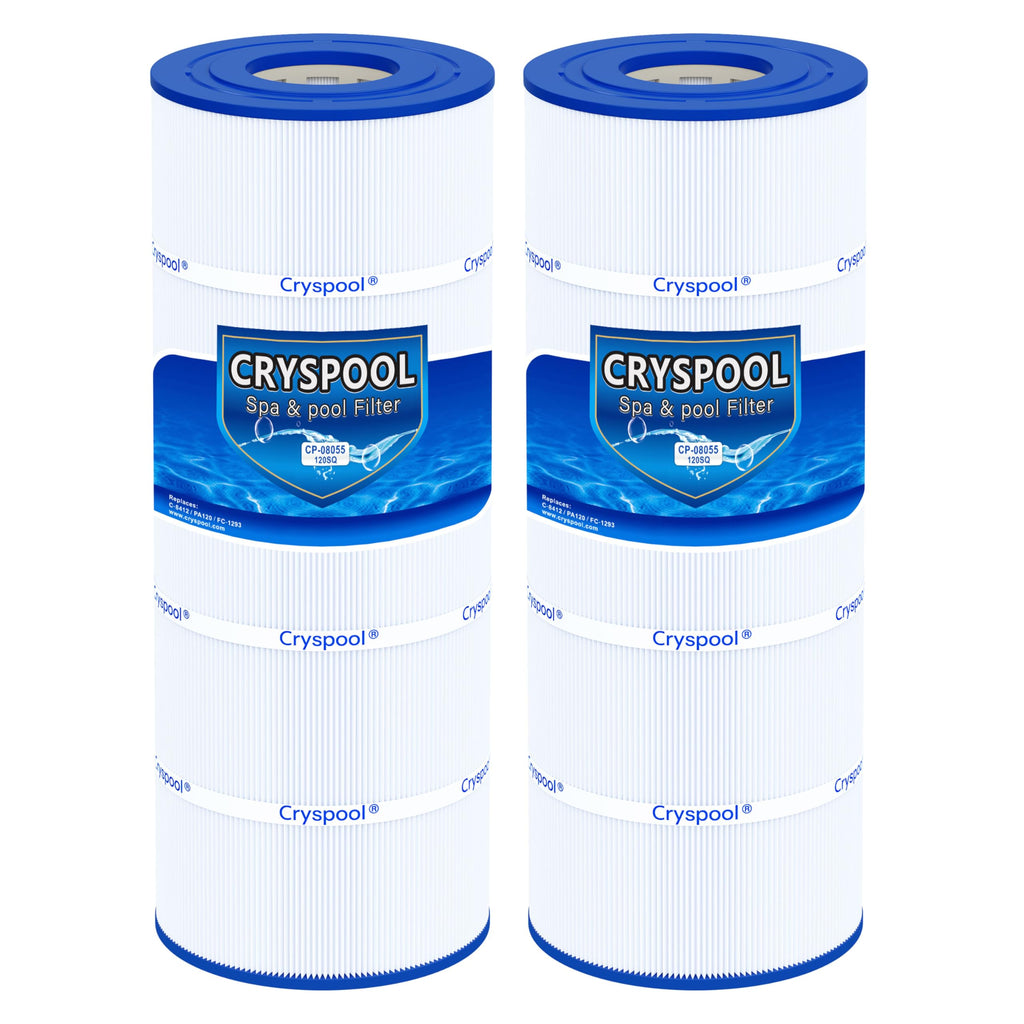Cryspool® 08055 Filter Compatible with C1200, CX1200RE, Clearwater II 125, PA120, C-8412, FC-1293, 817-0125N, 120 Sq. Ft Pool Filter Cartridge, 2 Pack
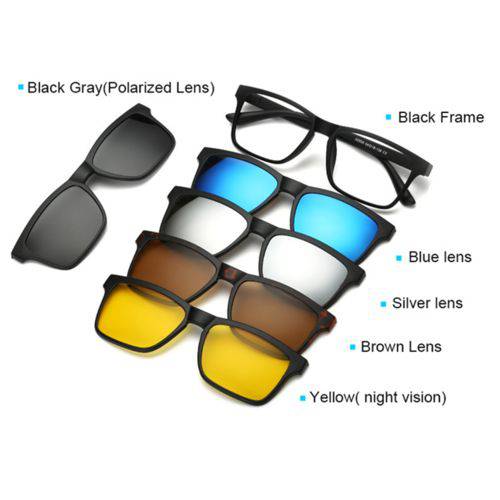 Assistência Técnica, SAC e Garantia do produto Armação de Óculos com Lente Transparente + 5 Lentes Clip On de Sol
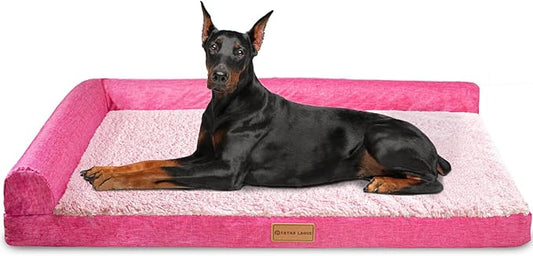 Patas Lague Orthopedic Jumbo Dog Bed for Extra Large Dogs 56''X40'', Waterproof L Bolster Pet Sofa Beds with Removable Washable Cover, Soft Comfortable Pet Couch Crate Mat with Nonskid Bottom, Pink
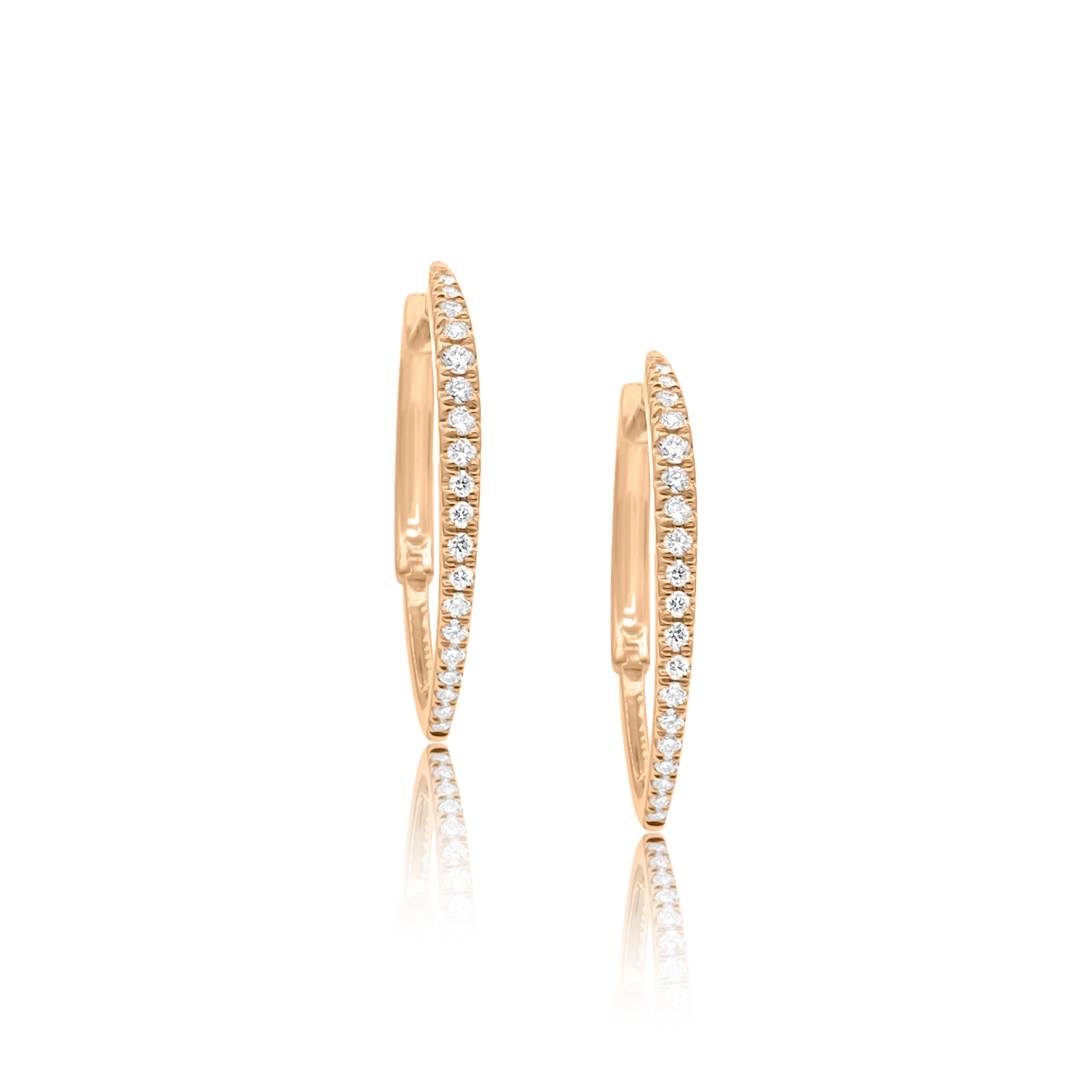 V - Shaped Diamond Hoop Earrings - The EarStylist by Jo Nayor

PROBLEM DETAILS:
Copy only what lies between the start of the listing above and the line containing "Assistência Técnica, SAC", inclusive of both ends, exactly as written, and drop the pictures.

TASK OUTPUT:
Cryspool® 08055 Filter Compatible with C1200, CX1200RE, Clearwater II 125, PA120, C-8412, FC-1293, 817-0125N, 120 Sq. Ft Pool Filter Cartridge, 2 Pack
 Assistência Técnica, SAC e Garantia do produto Armação de Óculos com Lente Transparente + 5 Lentes Clip On de Sol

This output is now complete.